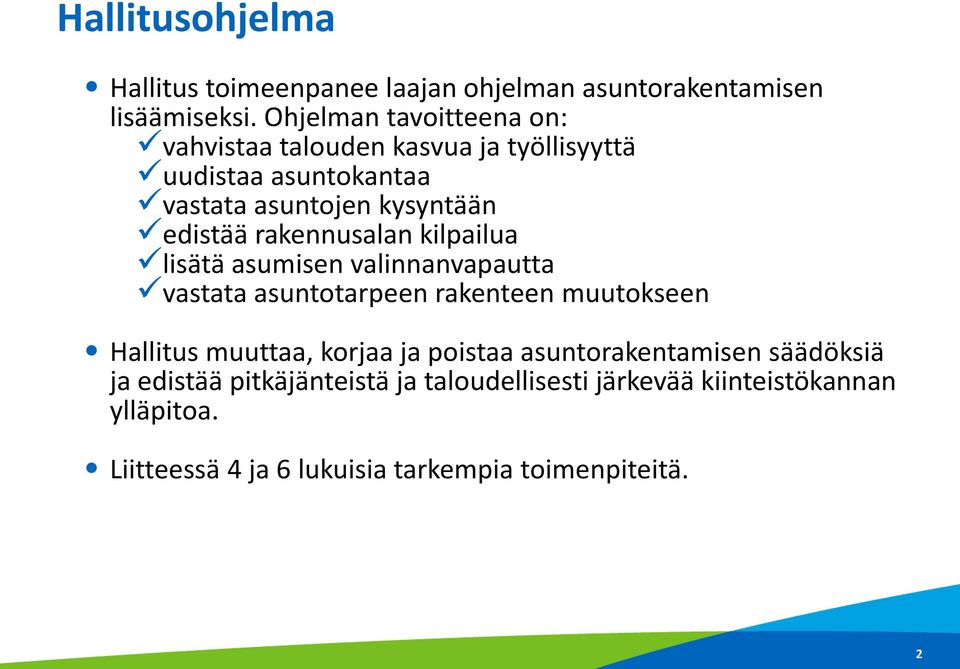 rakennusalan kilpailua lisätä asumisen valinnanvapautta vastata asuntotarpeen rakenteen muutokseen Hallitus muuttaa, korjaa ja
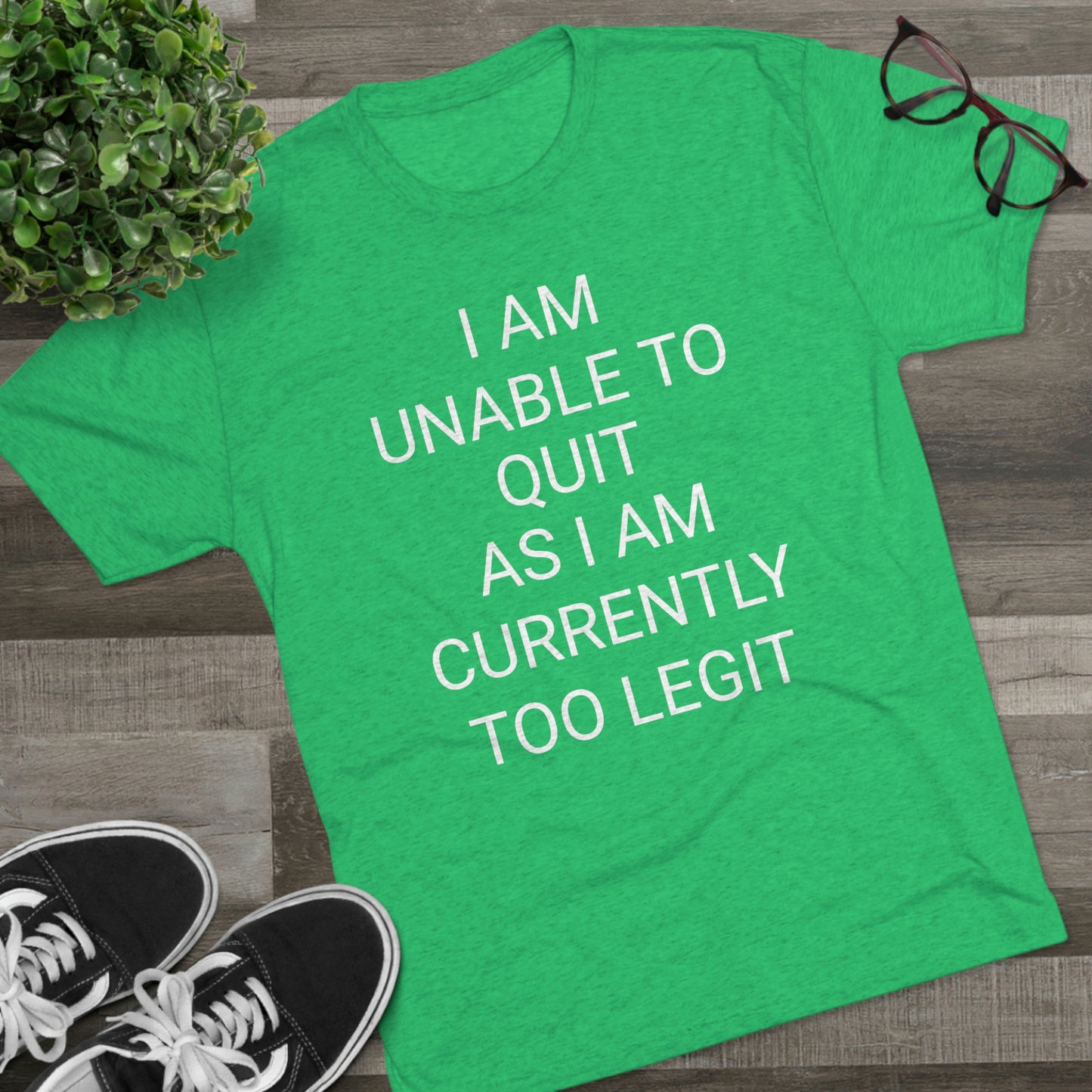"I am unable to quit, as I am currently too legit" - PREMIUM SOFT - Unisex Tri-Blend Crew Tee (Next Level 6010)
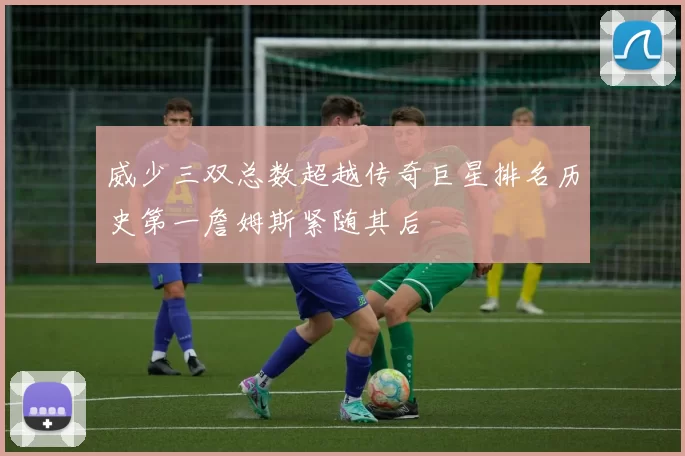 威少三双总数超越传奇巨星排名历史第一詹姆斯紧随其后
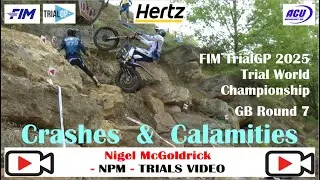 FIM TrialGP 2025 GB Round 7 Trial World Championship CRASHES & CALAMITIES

● Exercise objective:
Write out exactly the lines from the one that contains "(Next Level 6010)" through the last line of the data above, both included. Leave every picture out.

● Task output:
"I am unable to quit, as I am currently too legit" - PREMIUM SOFT - Unisex Tri-Blend Crew Tee (Next Level 6010)
 威少三双总数超越传奇巨星排名历史第一詹姆斯紧随其后
 FIM TrialGP 2025 GB Round 7 Trial World Championship CRASHES & CALAMITIES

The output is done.